I understand you cannot afford a consultant at this time. I recommend you follow Gango's advice to look at the CanLII site for examples of cases that went to full court. It might help you better prepare your case.

http://www.canlii.org/en/#search/type=decision&ccId=cisr&dateRange=l3y&all=under%20section%204
 
suzanne2014 said:
does age difference give you denial? I been with my husband 8 years and he is 27 years older then me we have proof that we are genuine and true .. I haven't submitted my application yet but should I be worried??
neither one of us have criminal record but he did get sent back on an exclusion order for over stay for a year..
just wondering what people have been experiencing if age difference matters??
thanks

Hi Suzanne,
Just provide them all the proof. Lease or property together, foreign trip together, emails, phone bills and gifts receipts. Its long period, hopefully you will not get any problems. Best of Luck!
 
Maddants said:
Hello everyone, i have a question for all those ppl that ever had a full hearing case...... can you please tell me how long your full hearing case last for....I would love to know if anyone case every took 4 hrs Straight or more.....please shed some light on this question please.
My full hearing took only about 2 hours and the judge took a decision right then and there it was a positive decision ..
 
Hi, My lawyer filed appeal on january 20, 2015.. last week we got blue book. i need to ask what would be the next steps?
 
wintersnow said:
Yes ... definitely do not say you thought it would look better for IAD if you waited. It makes your intent seem less genuine.

It is unfortunate but I don't think the Minister's Counsel was being completely unreasonable. It sounds to me like she believes your intent but she does not trust your husband with the facts that were presented. So, she wants to talk to him ... and that means a full hearing.

As you prepare for the full hearing ... you must make sure that your husband is ready to prove he really loves you and is not just marrying you to get into Canada. You must look for things he says and does that really prove he loves you. You must also try to prove the credibility of your husband. Find evidence that he is an honest man and would never try to deceive anyone.

I can understand why my case was refused. There were several red flags ... age difference, short courtship, language issues. Considering this, the VO was obligated to question if our relationship was genuine. However, like you, I prepared several hundred pages of chats and proof of support for my wife when she went to interview. She also brought hundreds of photos. And, like you, the VO did not even look at it. There is a lot of evidence of an ongoing real relationship but he did not even consider it.

I was naive. I never expected my wife would be refused. I know better now. I have hired someone to help me prepare the case ... hoping they can lend an objective eye to our case. It is hard to understand how people look at your case when you are involved ... because you know you love your partner. It is hard to understand what evidence others need to convince them of what you already know.

The downside with hiring someone is there are a lot of incompetent lawyers and consultants out there. There are many stories of that on this site ... and I know many consultants did not know their stuff when I was interviewing them.

I understand you cannot afford a consultant at this time.
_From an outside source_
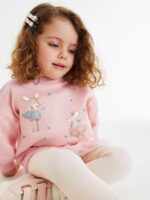 Girls Kids Outfits Clothes Set Toddler Cute Unicorn Bunny Bowknot Birthday Print long Sleeve Cotton Shirt jumper Dresses Tops Leggings Trousers Pants 2 Piece Clothing Set Age 1-7 Years Old - Image 3
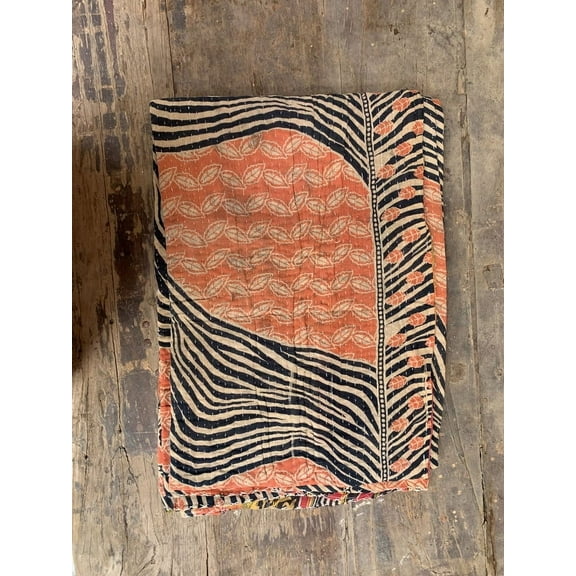 Printed Indian Old Kantha Gudari Stitched Bedspread Cotton Winter Blanket Throw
I recommend you follow Gango's advice to look at the CanLII site for examples of cases that went to full court. It might help you better prepare your case.

http://www.canlii.org/en/#search/type=decision&ccId=cisr&dateRange=l3y&all=under%20section%204

Thank you for all your input and your eye on my situation, it is much appreciated!

I have been studying a lot on Canlii, especially cases with cuban spouses. In the circumstances I am in right now it would be difficult to hire a consultant. So I'm hoping that I can prepare the best I can.

I still have not heard anything from them for a date and whatnot. Better of course to be safe than sorry so I am preparing now. I try to read up and think of the questions they will ask in the full hearing, not only to prepare myself but to prepare my husband. We both know regardless of any decision we are still staying together. Whether I have to move there, or we find another country where we both can work.

Are you still waiting for your hearing?